DenseFormer introduces a novel conditional diffusion framework for the depth completion problem, where sparse LiDAR measurements and an RGB image are used to generate a dense depth map. Unlike conventional pipelines that first predict an initial dense depth with an encoder‑decoder network and then refine it using spatial propagation networks (SPNs), DenseFormer treats depth completion as a generative denoising process. The method consists of three main components.

  1. Guidance Feature Extraction – A ResNet backbone extracts multi‑scale visual features from the RGB image, while a Feature Pyramid Network (FPN) processes the sparse depth map at several resolutions. To fuse these modalities efficiently, a deformable attention mechanism is employed. Deformable attention learns dynamic sampling offsets, allowing the network to focus on salient regions without the quadratic cost of standard self‑attention, which is crucial for high‑resolution inputs. The fused multi‑scale features constitute the conditional guidance (cond) for the diffusion model.

  2. Diffusion Process Module – The core generative engine follows the denoising diffusion probabilistic model (DDPM) paradigm, but conditioned on the guidance features. Starting from a random depth distribution (z_T), the network (\mu_\theta(z_t, t, cond)) predicts the previous timestep’s depth (z_{t-1}) using a lightweight U‑Net architecture. DDIM (Deterministic Denoising Diffusion Implicit Models) inference is adopted to accelerate sampling while preserving quality. Each denoising step integrates multi‑scale conditional information, progressively shaping the random initialization into a plausible dense depth map.

  3. Depth Refinement Module – After the diffusion stage, a post‑processing block refines the output using a spatial propagation network that is also guided by the deformable‑attention‑enhanced features and the original sparse depth. Multi‑range neighbor sets and learned affinity weights are used to update each pixel, improving edge sharpness and reducing over‑smoothing.

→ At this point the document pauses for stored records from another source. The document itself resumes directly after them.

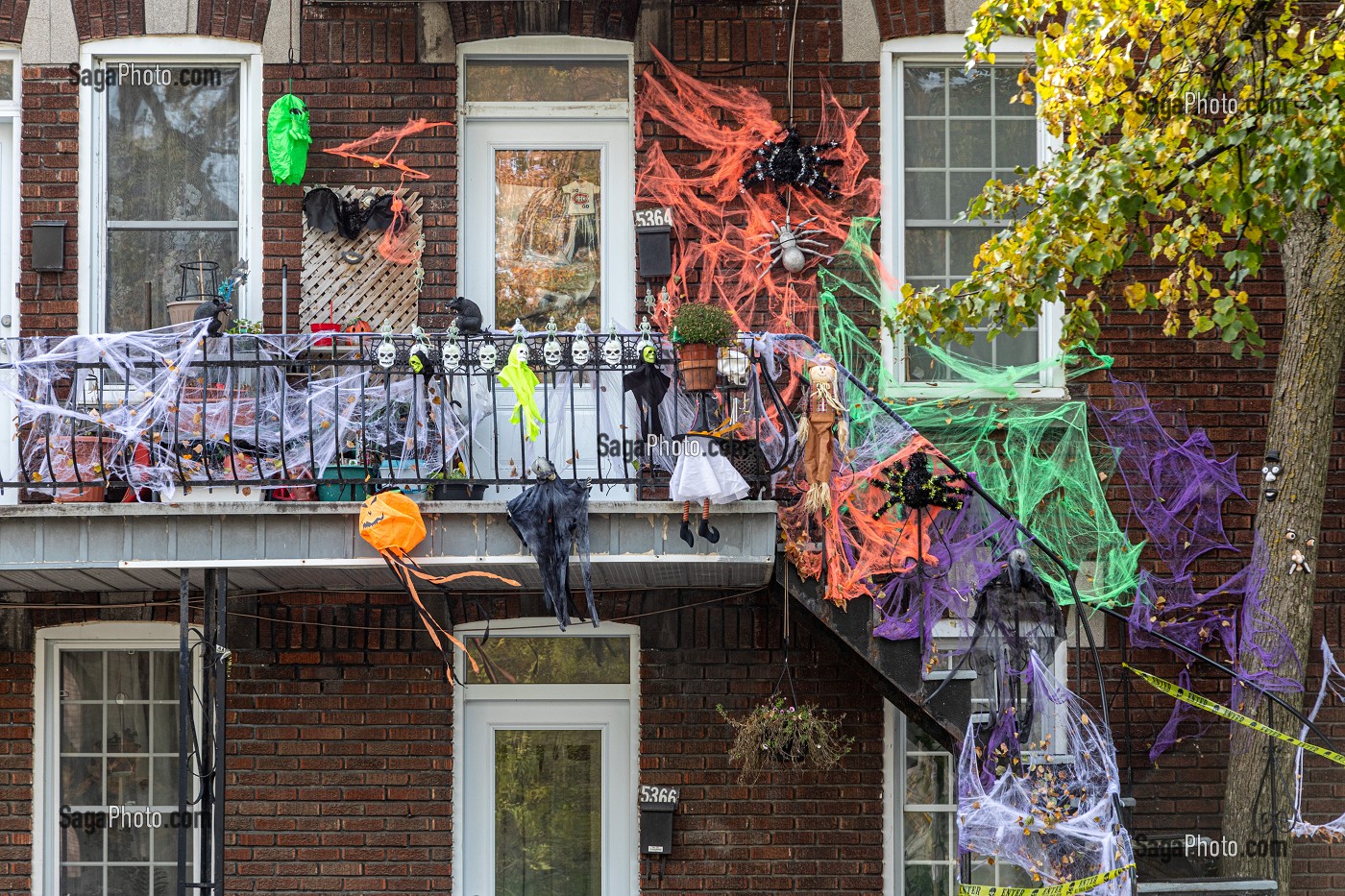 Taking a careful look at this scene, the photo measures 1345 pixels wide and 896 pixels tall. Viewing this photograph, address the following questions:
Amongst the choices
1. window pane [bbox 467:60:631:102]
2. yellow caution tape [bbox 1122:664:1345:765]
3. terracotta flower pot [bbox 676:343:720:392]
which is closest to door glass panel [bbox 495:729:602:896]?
terracotta flower pot [bbox 676:343:720:392]

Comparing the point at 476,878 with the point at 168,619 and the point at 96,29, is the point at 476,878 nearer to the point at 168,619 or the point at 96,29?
the point at 168,619

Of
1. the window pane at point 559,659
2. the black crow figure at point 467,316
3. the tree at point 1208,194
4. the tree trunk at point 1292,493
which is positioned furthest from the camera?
the window pane at point 559,659

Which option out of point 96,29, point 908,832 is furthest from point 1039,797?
point 96,29

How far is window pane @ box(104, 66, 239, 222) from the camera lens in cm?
893

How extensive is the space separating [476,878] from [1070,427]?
460 cm

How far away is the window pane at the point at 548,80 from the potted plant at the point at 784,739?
3.97 meters

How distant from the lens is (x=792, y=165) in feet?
28.7

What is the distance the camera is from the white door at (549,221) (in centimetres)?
898

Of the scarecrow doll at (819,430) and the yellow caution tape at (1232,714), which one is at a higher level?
the scarecrow doll at (819,430)

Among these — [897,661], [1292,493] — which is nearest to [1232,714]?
[1292,493]

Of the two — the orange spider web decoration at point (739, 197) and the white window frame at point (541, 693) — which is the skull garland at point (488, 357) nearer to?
the orange spider web decoration at point (739, 197)

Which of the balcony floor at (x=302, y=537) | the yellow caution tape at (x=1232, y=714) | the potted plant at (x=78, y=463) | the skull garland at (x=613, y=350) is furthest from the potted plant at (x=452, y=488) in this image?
the yellow caution tape at (x=1232, y=714)

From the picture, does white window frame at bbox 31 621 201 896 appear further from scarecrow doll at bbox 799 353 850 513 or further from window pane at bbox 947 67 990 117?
window pane at bbox 947 67 990 117

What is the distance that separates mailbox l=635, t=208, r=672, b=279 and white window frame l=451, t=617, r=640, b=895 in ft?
7.23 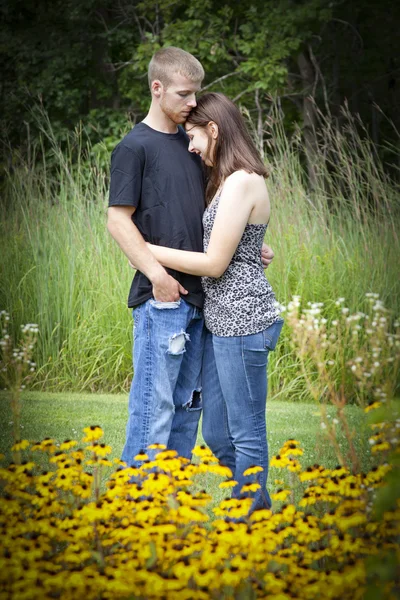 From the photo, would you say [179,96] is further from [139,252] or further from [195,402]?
[195,402]

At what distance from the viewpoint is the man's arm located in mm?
2666

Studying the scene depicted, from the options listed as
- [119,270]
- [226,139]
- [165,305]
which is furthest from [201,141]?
[119,270]

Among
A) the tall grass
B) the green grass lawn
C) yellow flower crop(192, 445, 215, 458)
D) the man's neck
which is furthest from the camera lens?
the tall grass

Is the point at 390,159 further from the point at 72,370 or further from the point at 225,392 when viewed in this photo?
the point at 225,392

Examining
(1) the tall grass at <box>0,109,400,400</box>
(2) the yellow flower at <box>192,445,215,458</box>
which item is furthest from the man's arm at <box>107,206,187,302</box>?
(1) the tall grass at <box>0,109,400,400</box>

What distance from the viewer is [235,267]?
271 cm

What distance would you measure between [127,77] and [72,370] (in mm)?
8793

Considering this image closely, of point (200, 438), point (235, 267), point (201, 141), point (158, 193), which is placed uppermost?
point (201, 141)

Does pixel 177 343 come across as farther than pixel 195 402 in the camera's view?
No

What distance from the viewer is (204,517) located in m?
2.12

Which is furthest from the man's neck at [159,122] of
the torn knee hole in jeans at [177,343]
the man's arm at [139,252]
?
the torn knee hole in jeans at [177,343]

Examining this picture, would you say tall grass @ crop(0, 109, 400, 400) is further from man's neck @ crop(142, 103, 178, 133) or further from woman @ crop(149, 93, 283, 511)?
man's neck @ crop(142, 103, 178, 133)

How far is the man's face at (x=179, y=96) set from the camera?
8.87 feet

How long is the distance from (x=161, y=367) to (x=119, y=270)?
3.47 metres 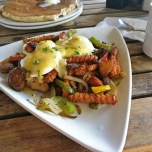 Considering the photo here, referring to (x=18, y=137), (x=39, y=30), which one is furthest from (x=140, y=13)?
(x=18, y=137)

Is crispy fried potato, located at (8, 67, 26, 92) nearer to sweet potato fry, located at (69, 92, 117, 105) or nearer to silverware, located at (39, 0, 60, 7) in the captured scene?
sweet potato fry, located at (69, 92, 117, 105)

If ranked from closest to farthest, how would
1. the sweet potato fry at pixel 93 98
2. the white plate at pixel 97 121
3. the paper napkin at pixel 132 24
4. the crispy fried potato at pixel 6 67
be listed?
the white plate at pixel 97 121 < the sweet potato fry at pixel 93 98 < the crispy fried potato at pixel 6 67 < the paper napkin at pixel 132 24

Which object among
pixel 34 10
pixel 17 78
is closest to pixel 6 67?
pixel 17 78

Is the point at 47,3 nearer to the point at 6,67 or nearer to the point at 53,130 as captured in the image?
the point at 6,67

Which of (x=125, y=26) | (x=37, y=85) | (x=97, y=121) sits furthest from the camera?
(x=125, y=26)

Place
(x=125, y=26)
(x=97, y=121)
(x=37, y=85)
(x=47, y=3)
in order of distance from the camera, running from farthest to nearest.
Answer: (x=47, y=3)
(x=125, y=26)
(x=37, y=85)
(x=97, y=121)

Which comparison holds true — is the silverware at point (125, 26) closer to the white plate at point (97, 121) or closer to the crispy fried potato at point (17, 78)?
the white plate at point (97, 121)

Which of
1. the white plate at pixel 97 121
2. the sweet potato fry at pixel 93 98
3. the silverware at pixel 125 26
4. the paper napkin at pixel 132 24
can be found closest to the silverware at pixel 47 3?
the paper napkin at pixel 132 24

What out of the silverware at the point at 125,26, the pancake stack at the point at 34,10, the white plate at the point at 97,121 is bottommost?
the white plate at the point at 97,121

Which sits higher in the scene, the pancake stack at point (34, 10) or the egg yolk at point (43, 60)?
the pancake stack at point (34, 10)

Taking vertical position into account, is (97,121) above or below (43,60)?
below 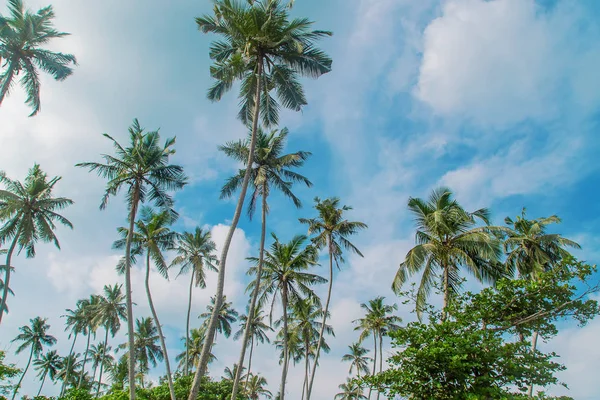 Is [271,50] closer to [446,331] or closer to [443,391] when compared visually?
[446,331]

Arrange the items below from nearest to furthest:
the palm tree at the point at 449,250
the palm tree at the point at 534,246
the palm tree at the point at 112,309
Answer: the palm tree at the point at 449,250
the palm tree at the point at 534,246
the palm tree at the point at 112,309

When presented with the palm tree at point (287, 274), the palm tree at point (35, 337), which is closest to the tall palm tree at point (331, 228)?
the palm tree at point (287, 274)

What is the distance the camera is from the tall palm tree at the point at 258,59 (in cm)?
1280

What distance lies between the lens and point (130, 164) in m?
18.9

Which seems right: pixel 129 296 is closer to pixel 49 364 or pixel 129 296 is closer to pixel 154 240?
pixel 154 240

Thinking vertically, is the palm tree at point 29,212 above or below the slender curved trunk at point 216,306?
above

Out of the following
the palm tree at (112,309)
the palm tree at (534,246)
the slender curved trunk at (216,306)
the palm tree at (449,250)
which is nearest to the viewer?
the slender curved trunk at (216,306)

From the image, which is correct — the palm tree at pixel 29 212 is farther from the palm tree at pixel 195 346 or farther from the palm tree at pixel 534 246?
the palm tree at pixel 534 246

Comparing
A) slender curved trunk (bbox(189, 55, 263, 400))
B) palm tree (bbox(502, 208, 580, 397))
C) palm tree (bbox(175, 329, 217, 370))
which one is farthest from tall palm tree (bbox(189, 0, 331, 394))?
palm tree (bbox(175, 329, 217, 370))

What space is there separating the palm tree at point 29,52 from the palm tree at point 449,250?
18.3m

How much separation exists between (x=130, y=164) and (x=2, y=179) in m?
7.68

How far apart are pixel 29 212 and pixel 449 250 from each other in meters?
22.5

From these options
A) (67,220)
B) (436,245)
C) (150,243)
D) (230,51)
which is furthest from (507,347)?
(67,220)

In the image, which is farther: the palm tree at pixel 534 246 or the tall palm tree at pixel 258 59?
the palm tree at pixel 534 246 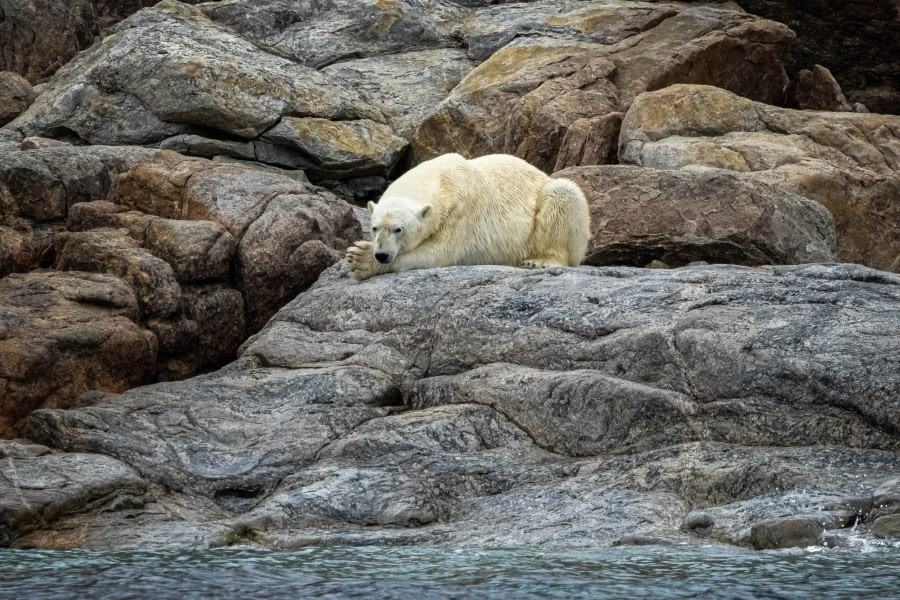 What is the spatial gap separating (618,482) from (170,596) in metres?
3.62

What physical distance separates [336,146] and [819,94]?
31.9 feet

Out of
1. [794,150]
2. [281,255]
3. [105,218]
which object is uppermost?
[794,150]

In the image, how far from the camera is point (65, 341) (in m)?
10.8

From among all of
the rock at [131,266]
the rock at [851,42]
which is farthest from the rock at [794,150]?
the rock at [131,266]

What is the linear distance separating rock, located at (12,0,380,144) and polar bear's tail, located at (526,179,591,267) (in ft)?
23.9

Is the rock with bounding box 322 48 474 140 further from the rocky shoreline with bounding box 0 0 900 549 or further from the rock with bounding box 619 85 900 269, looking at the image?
the rock with bounding box 619 85 900 269

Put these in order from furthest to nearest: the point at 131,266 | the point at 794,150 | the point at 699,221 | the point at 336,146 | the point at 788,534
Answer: the point at 336,146, the point at 794,150, the point at 699,221, the point at 131,266, the point at 788,534

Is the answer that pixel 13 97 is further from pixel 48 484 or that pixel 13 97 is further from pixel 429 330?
pixel 48 484

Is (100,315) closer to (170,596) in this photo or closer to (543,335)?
(543,335)

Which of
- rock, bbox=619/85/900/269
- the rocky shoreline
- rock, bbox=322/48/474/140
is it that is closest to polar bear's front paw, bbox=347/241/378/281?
the rocky shoreline

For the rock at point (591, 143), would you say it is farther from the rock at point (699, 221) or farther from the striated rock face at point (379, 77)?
the rock at point (699, 221)

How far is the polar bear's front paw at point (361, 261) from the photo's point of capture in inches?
479

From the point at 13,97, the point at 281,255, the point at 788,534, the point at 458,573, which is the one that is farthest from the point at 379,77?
the point at 458,573

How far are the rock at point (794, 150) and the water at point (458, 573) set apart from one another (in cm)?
955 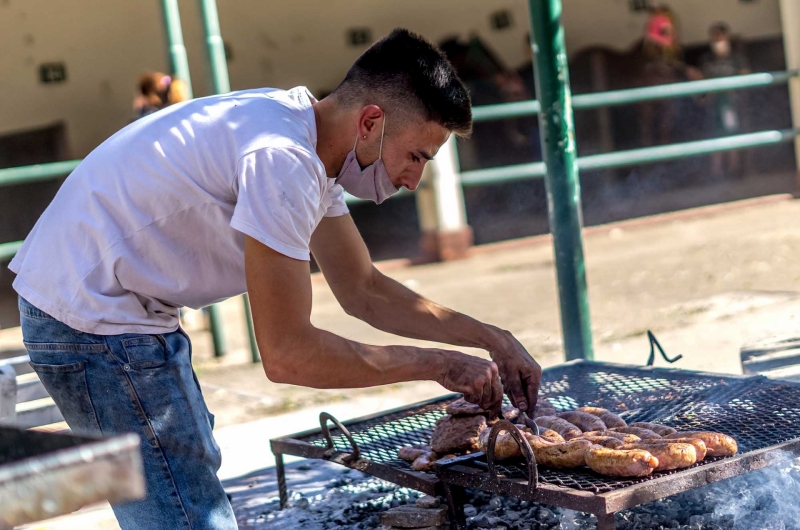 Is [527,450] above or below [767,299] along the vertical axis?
above

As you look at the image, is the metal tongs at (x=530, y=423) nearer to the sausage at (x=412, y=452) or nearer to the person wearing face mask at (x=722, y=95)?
the sausage at (x=412, y=452)

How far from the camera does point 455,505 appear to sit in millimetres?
2703

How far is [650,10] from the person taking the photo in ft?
40.4

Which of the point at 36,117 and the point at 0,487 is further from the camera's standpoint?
the point at 36,117

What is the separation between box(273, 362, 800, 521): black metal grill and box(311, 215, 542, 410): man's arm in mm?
310

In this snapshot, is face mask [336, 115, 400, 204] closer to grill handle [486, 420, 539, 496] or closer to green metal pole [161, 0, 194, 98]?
grill handle [486, 420, 539, 496]

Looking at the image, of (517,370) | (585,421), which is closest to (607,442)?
(585,421)

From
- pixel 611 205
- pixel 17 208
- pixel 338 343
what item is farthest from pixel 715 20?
pixel 338 343

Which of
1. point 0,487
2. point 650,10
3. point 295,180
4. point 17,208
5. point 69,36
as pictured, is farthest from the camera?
point 650,10

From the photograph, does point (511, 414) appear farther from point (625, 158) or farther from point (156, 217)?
point (625, 158)

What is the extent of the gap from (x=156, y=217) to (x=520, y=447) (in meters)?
1.07

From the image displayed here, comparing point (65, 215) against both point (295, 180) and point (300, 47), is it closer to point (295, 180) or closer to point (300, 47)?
point (295, 180)

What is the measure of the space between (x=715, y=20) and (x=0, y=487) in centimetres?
1299

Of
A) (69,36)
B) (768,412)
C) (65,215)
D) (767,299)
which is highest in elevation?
(69,36) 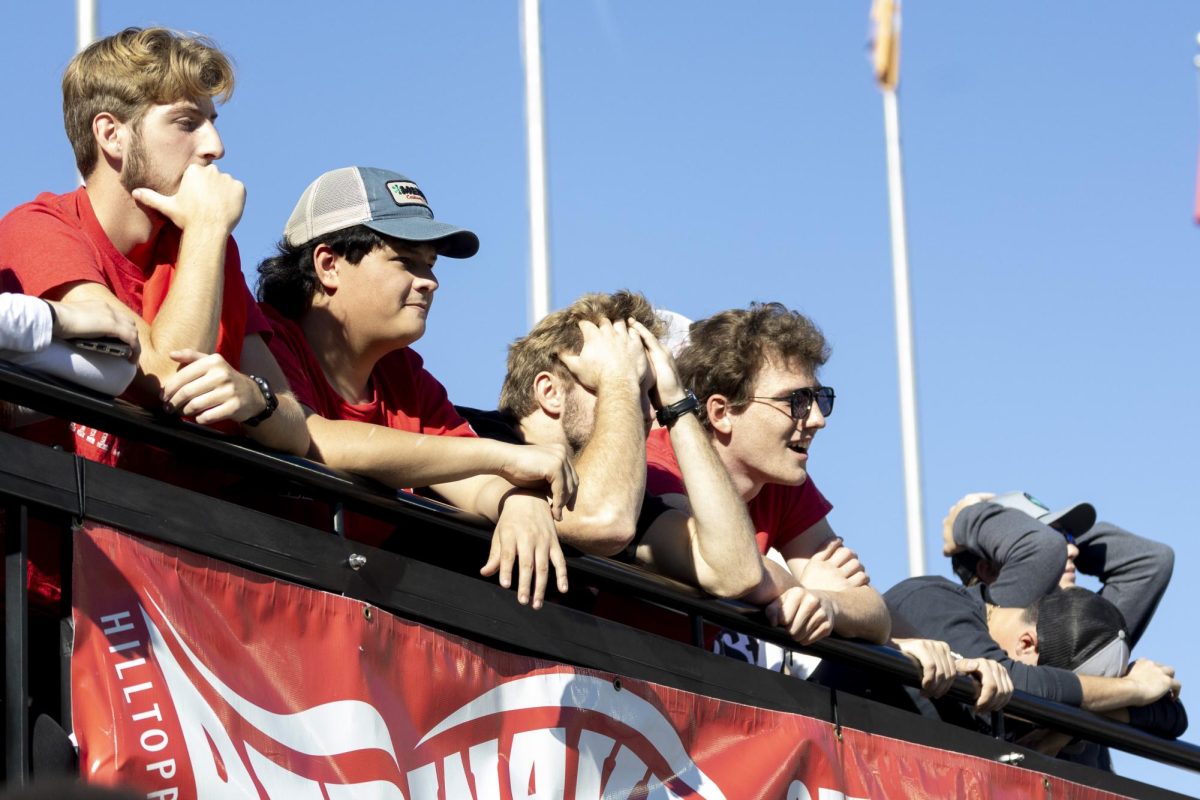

Extensive experiments on the KITTI benchmark demonstrate that DenseFormer outperforms state‑of‑the‑art depth completion methods across all standard metrics (RMSE, MAE, iRMSE). Ablation studies confirm the contribution of each design choice: the pyramid‑based depth encoder, deformable attention fusion, the number of diffusion steps, and the refinement network all provide measurable gains. Moreover, the architecture remains computationally efficient, making it suitable for real‑time autonomous driving scenarios.

In summary, DenseFormer pioneers the application of conditional diffusion models to outdoor depth completion, showing that a generative denoising perspective can effectively handle the sparsity and noise inherent in LiDAR data while leveraging rich visual cues. By unifying diffusion‑based generation with traditional propagation‑based refinement, the paper offers a compelling new direction for high‑quality, real‑time depth reconstruction in autonomous systems.